The Canine Caviar Open Sky was definitely the better of the two options and started to look pretty good. It seemed to have a good protein content and not as high of a carbohydrate content. They have good ethics (all of their meat is well sourced and free-range, etc). I do also like that they add more natural and herbal supplements, like yucca root, to help with overall health.
But… I couldn’t get the Canine Caviar. My local pet food store doesn’t sell it, and the owner told me that I would be better off ordering it from a reliable source online, because it would be cheaper that way. I didn’t know anyone who fed it though, and I couldn’t find many reviews, especially pertaining to dogs with severe allergies.
So, I kept Google searching for the “best diet for dogs with allergies,” and “limited ingredient diets,” etc. I finally started searching about raw diets, because in all of my research, everyone loved raw diets for dogs with allergies.

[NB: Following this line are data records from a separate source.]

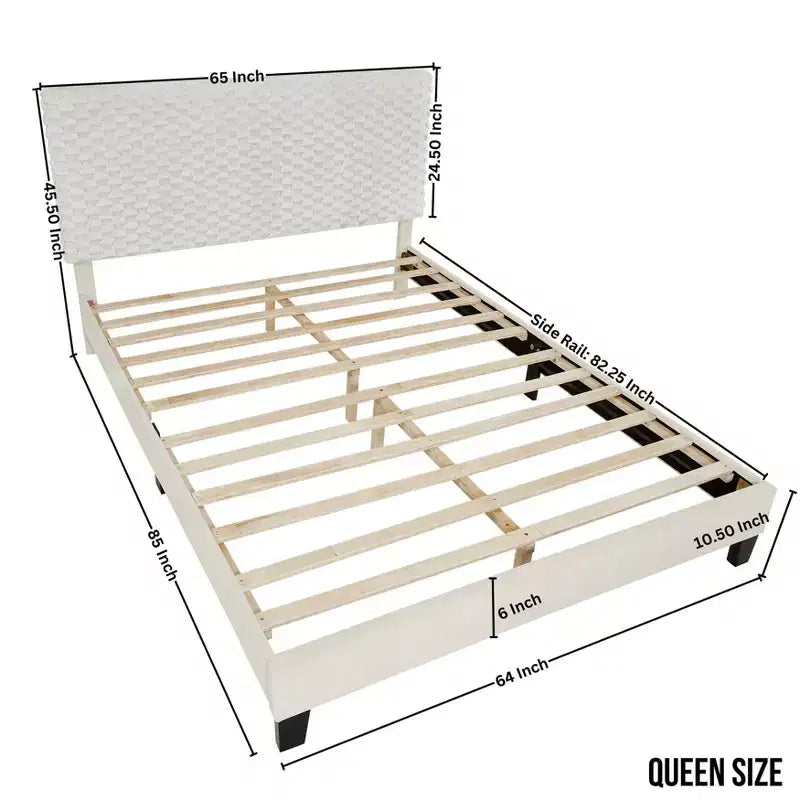 Ensemble de chambre 2 pièces, lit tapissé 3D en peluche avec table de chevet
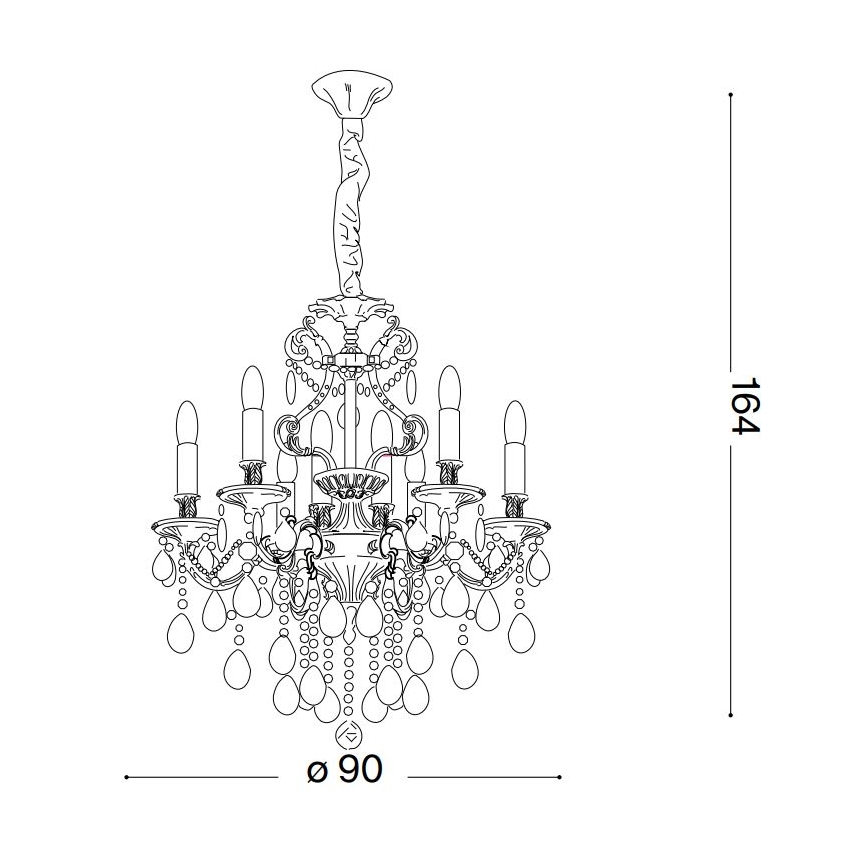 Ideal Lux - Lampadario di cristallo a sospensione con catena GIOCONDA 12xE14/40W/230V diametro 90 cm oro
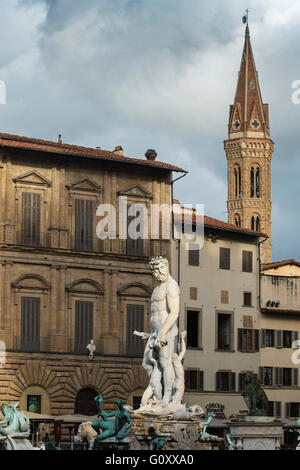 Florenz. Italien. Statue von Neptun am Piazza della Signoria, Kopie des Originals (1563-1565) von Bartolomeo Ammannati. Stockfoto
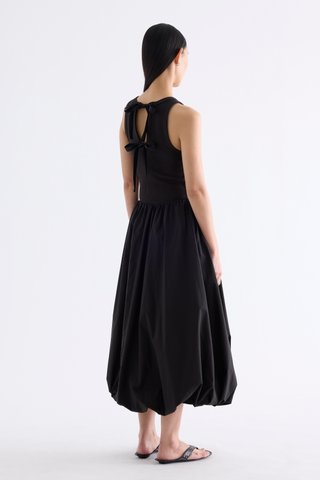 Maisy Ribbon-Tie Balloon Dress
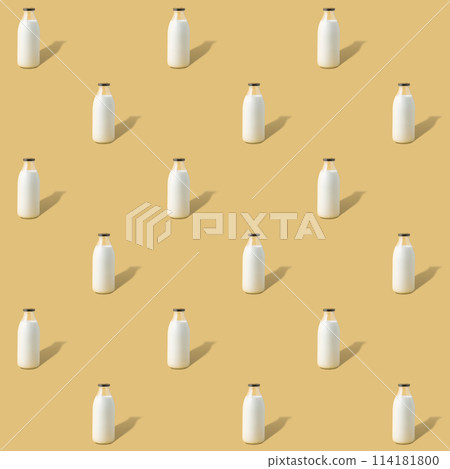 Creative seamless pattern with bottle of vegan milk on a yellow background Creative seamless pattern with bottle of vegan milk on a yellow background 114181800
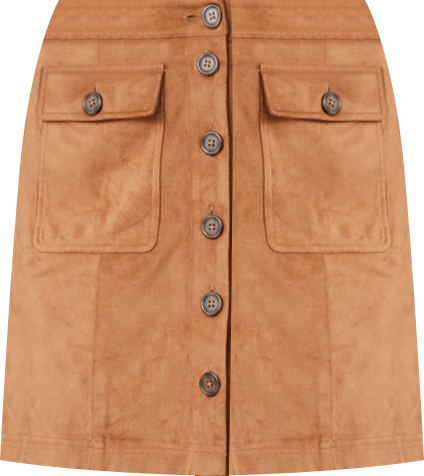 Women's Faux Suede Button-Front Kendall Skirt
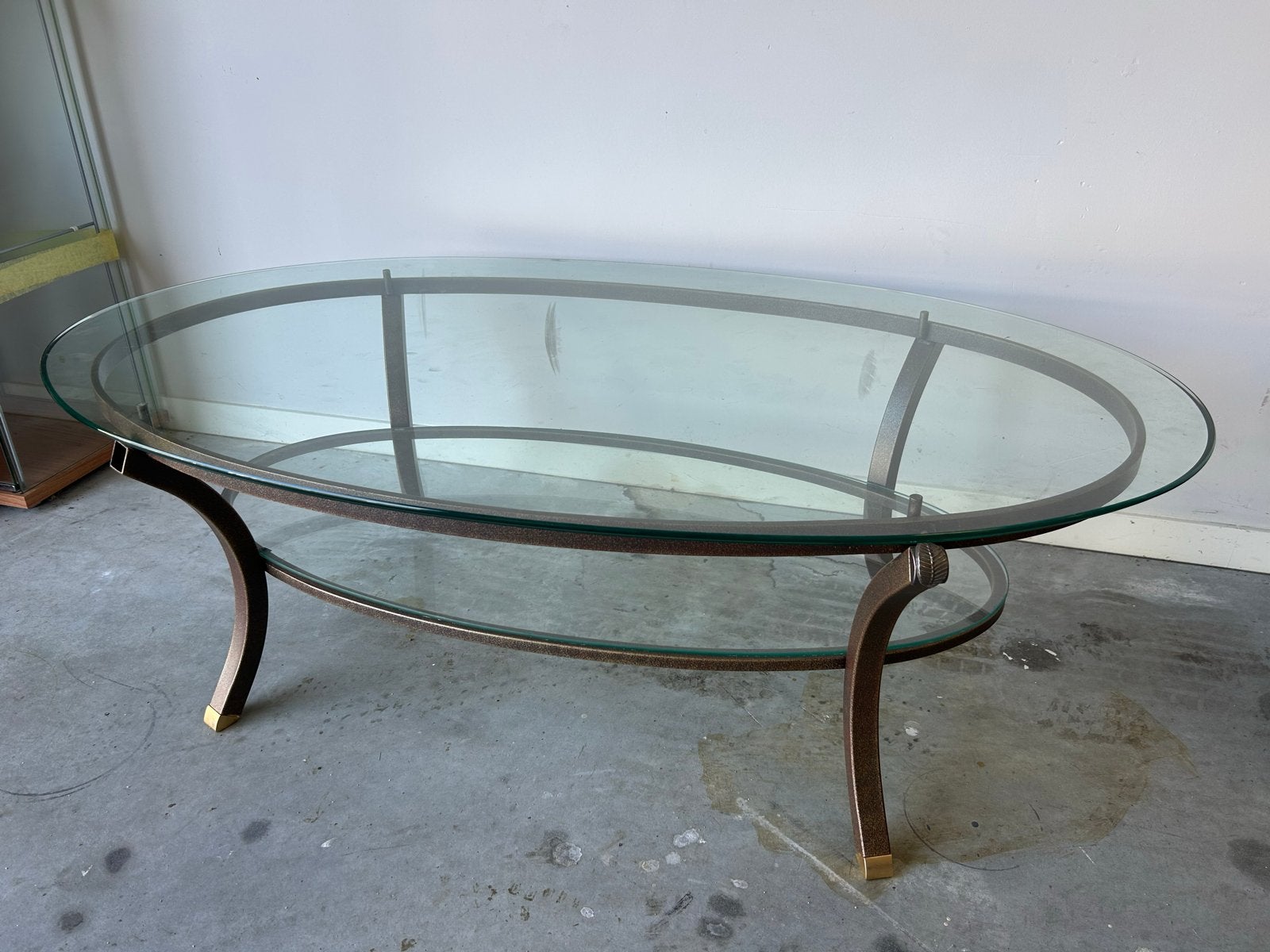 Pierre Vandel Paris Salontafel Ovaal Glas en Metaal, Ophalen, Gebruikt, 100 tot 150 cm, 50 tot 100 cm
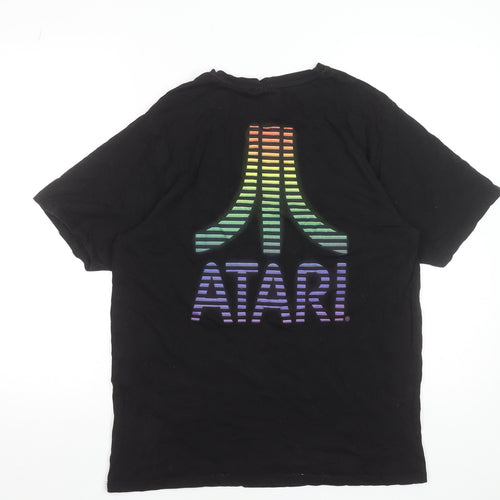 Atari Men's Black Medium Graphic Print Cotton T-Shirt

I walked into my local pet food store one day at my wit’s end. It had been over a month, and I couldn’t find anything Buster could eat. His paws were looking worse and worse. I mean, I hate it when my allergies act up, so I could only imagine how he felt walking on his four sore feet. All of the high quality dry foods on the market still either have multiple protein sources, or eggs, or potatoes, or chicken fat. Nothing was meeting my standards. I took the plunge and decided to order a bag of Stella&Chewy’s Duck Duck Goose. I figured it had one protein source, no grains, and fruits and veggies. I know Buster does well on duck, so I figured it could only help his allergies… except for the whole, it’s a raw food and completely different from what I’m used to feeding, and it scared me, thing.
So, I bought a bag and brought it home and put a patty into Buster’s food bowl. He went CRAZY! He kept jumping around, spun around in circles, barked, and ran full speed to where his food bowl lives. He still acts that way for every meal, and it has been months now. His excitement for his food is about on the same level as how excited he gets when he gets a new toy; that’s pretty crazy… in a good way.